In una parabola, Gesù spiega proprio che «il Regno dei cieli è come un uomo che abbia gettato in terra il seme, poi va a casa sua, riposa, lavora, veglia, di notte e di giorno, e il seme cresce, germoglia, senza che lui sappia come».

La questione centrale, ha affermato il Papa, è chiedersi perciò «come si fa perché questo seme della parola di dio cresca e diventi il Regno di Dio, cresca e diventi Chiesa». Il vescovo di Roma ha indicato «le due fonti» che svolgono quest’opera: «lo Spirito Santo — la forza dello Spirito Santo — e la testimonianza del cristiano».

Anzitutto, ha spiegato il Papa, «sappiamo che non c’è crescita senza lo Spirito: è lui che fa la Chiesa, è lui che fa crescere la Chiesa, è lui che convoca la comunità della Chiesa». Ma, ha proseguito, «è necessaria anche la testimonianza del cristiano». E «quando la testimonianza arriva alla fine, quando le circostanze storiche ci chiedono una testimonianza forte, lì ci sono i martiri: i più grandi testimoni!». Ed ecco, allora, che «quella Chiesa viene annaffiata dal sangue dei martiri». Proprio «questa è la bellezza del martirio: incomincia con la testimonianza, giorno dopo giorno, e può finire con il sangue, come Gesù, i primo martire, il primo testimone, il testimone fedele».

Però, per essere vera, la testimonianza «deve esser senza condizioni» ha affermato il Pontefice. Il Vangelo proposto dalla liturgia odierna (Matteo 8, 18-22) è chiaro in proposito. «Abbiamo sentito quello che dice il Signore» al discepolo che per seguirlo chiede una condizione: «Signore, permettimi di andare prima a seppellire mio padre». Ma «il Signore lo ferma: no!». Infatti, ha precisato il Papa, «la testimonianza è senza condizioni, deve essere ferma, deve essere decisa, deve avere quel linguaggio, tanto forte, di Gesù: sì sì, no no!». È esattamente «questo il linguaggio della testimonianza».

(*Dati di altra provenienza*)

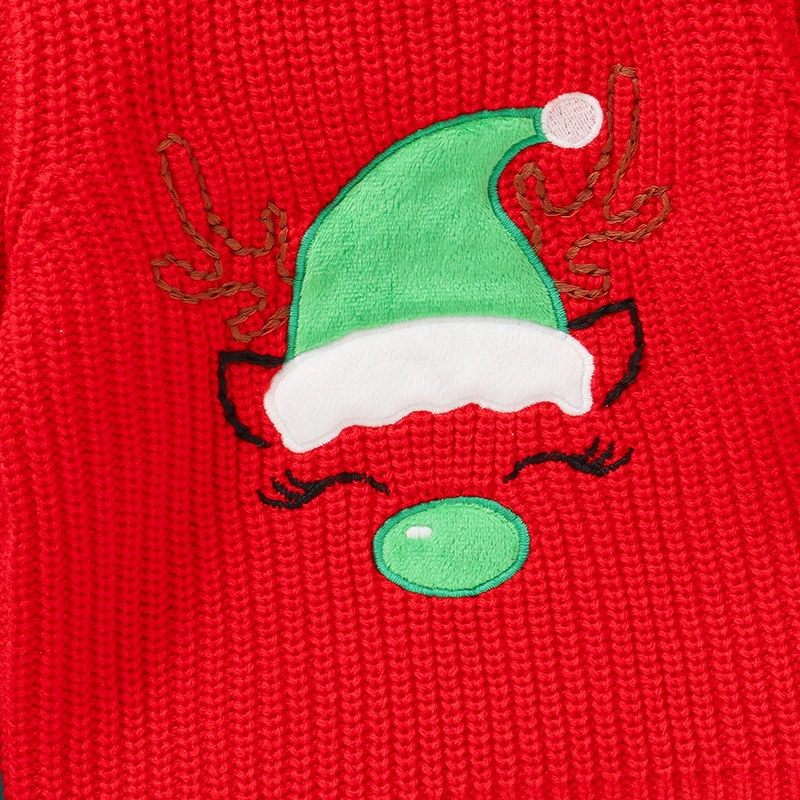 Suéter navideño bebé rojo y verde de cuello redondo con manga larga - imagen 2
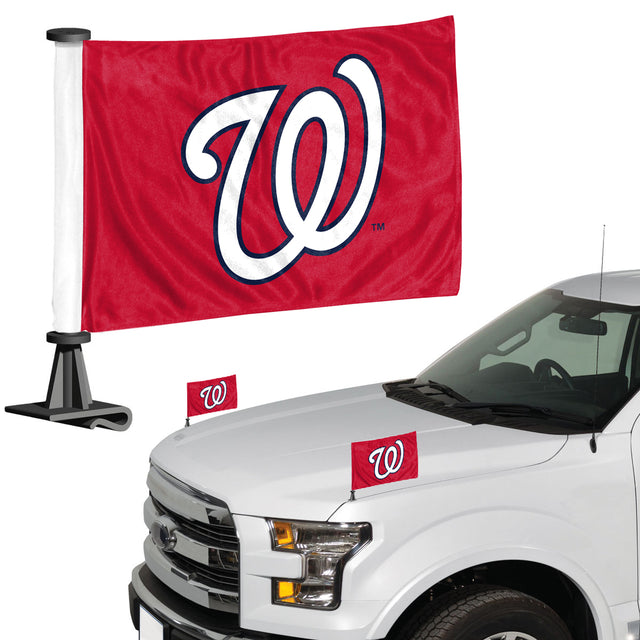 Juego de 2 banderas de los Washington Nationals, estilo embajador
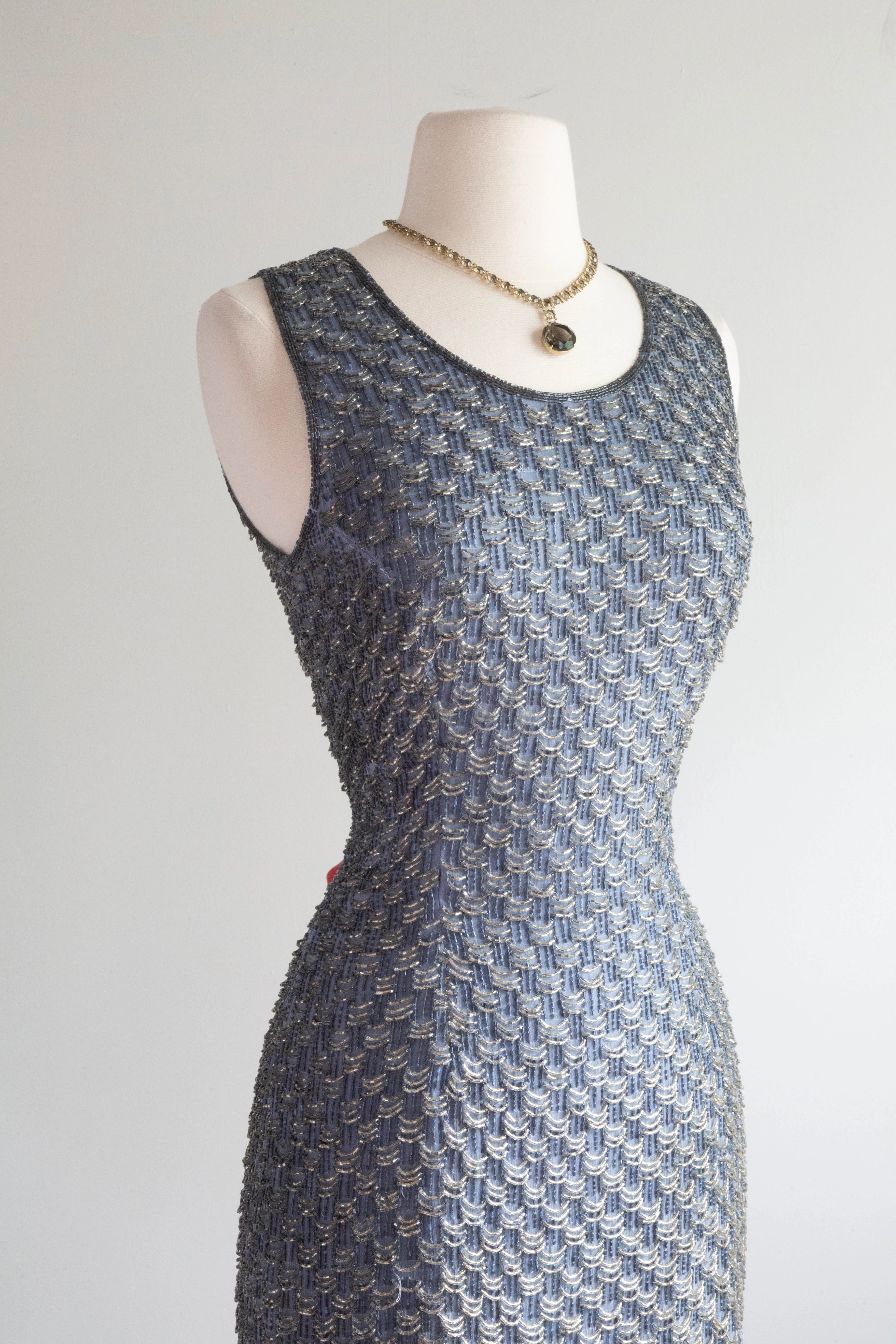 BLUE STEEL Chic 1980's Beaded Cocktail Dress / Small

Guardando la storia di «questa Chiesa di Roma che cresce, guidata dal sangue dei martiri», il Papa ha quindi invitato a pensare «a tanti martiri di oggi che danno la loro vita per la fede: i cristiani perseguitati». Perché, ha affermato, «se in quella persecuzione di Nerone ce ne sono stati tanti, oggi non ce ne sono meno di martiri, di cristiani perseguitati». I fatti sono noti. «Pensiamo al Medio oriente» ha detto, «ai cristiani che devono fuggire dalla persecuzione» e «ai cristiani uccisi dai persecutori». E «anche ai cristiani cacciati via in modo elegante, con i guanti bianchi: anche quella è una persecuzione!».

Ai nostri giorni, ha ripetuto il Papa, «ci sono più testimoni, più martiri nella Chiesa che nei primi secoli». E «facendo memoria nella messa dei nostri gloriosi antenati qui a Roma», ha invitato a pensare e a pregare anche per «i nostri fratelli che vivono perseguitati, che soffrono e che col loro sangue fanno crescere il seme di tante Chiese piccoline che nascono». Sì, ha concluso, «preghiamo per loro e anche per noi».